╭─ DATA BELOW

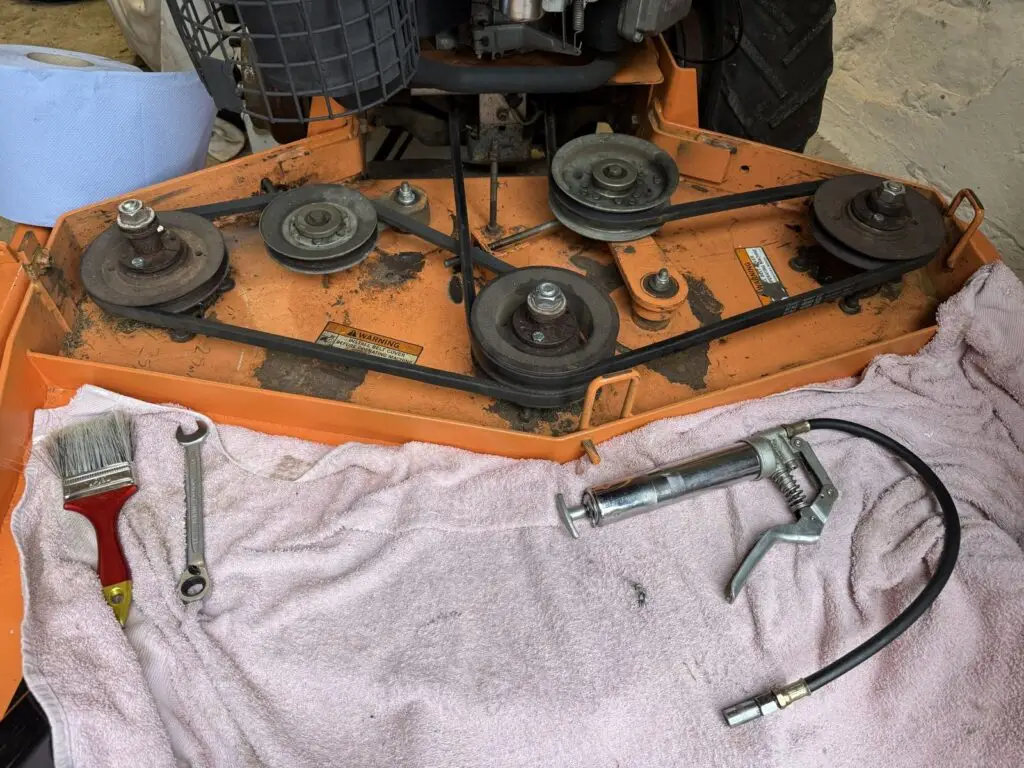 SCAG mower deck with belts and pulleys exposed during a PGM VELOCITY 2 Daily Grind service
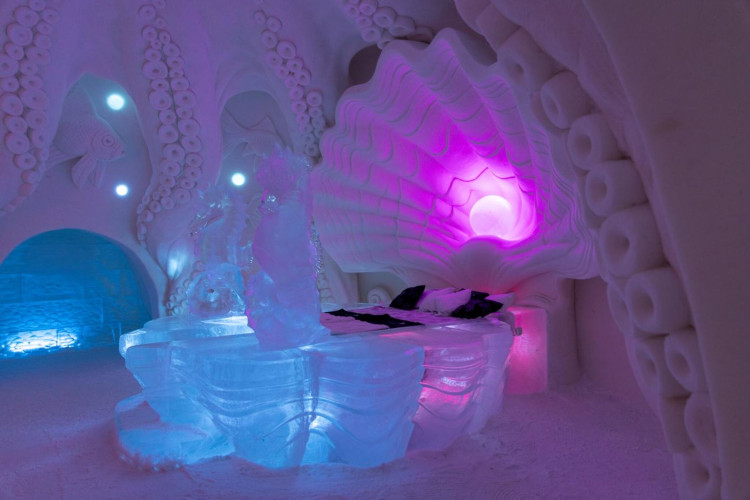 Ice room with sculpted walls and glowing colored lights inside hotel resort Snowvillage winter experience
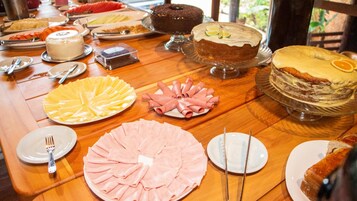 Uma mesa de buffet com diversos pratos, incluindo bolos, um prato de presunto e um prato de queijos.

╰─

WHAT YOU NEED TO DO — Go through the listing above and retype it exactly, skipping every picture.

TASK ANSWER —
 SCAG mower deck with belts and pulleys exposed during a PGM VELOCITY 2 Daily Grind service
 Ice room with sculpted walls and glowing colored lights inside hotel resort Snowvillage winter experience
 Uma mesa de buffet com diversos pratos, incluindo bolos, um prato de presunto e um prato de queijos.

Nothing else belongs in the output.